Short text fragments from websites
+===+
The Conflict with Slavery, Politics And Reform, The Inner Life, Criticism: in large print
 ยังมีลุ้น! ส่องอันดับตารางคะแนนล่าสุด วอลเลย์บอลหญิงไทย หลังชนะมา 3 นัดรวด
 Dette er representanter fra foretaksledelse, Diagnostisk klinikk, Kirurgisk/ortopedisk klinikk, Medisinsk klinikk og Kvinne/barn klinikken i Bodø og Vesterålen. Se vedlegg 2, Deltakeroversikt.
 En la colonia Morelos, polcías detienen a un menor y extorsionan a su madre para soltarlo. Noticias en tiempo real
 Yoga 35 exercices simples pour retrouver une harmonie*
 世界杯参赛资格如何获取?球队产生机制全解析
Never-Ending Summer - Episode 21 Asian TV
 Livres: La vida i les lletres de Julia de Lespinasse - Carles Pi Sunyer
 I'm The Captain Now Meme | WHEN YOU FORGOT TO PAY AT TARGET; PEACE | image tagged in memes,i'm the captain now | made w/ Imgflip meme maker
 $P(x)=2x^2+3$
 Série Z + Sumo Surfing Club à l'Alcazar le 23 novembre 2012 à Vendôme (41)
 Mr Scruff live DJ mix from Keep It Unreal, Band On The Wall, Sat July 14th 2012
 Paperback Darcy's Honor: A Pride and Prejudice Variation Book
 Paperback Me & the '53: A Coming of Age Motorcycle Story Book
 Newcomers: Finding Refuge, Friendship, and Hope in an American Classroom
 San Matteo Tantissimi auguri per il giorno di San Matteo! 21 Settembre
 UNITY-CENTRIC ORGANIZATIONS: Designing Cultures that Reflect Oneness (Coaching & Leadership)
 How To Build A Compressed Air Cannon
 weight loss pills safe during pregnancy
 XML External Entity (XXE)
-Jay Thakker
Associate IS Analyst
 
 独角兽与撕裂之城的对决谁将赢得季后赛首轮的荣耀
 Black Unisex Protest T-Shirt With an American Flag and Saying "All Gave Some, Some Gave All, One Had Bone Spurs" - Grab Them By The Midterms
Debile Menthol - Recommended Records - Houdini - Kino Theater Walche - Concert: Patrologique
+===+
**What to produce**
Filter the entries above and return only the lines holding "Book".

**Problem solution**
 Paperback Darcy's Honor: A Pride and Prejudice Variation Book
 Paperback Me & the '53: A Coming of Age Motorcycle Story Book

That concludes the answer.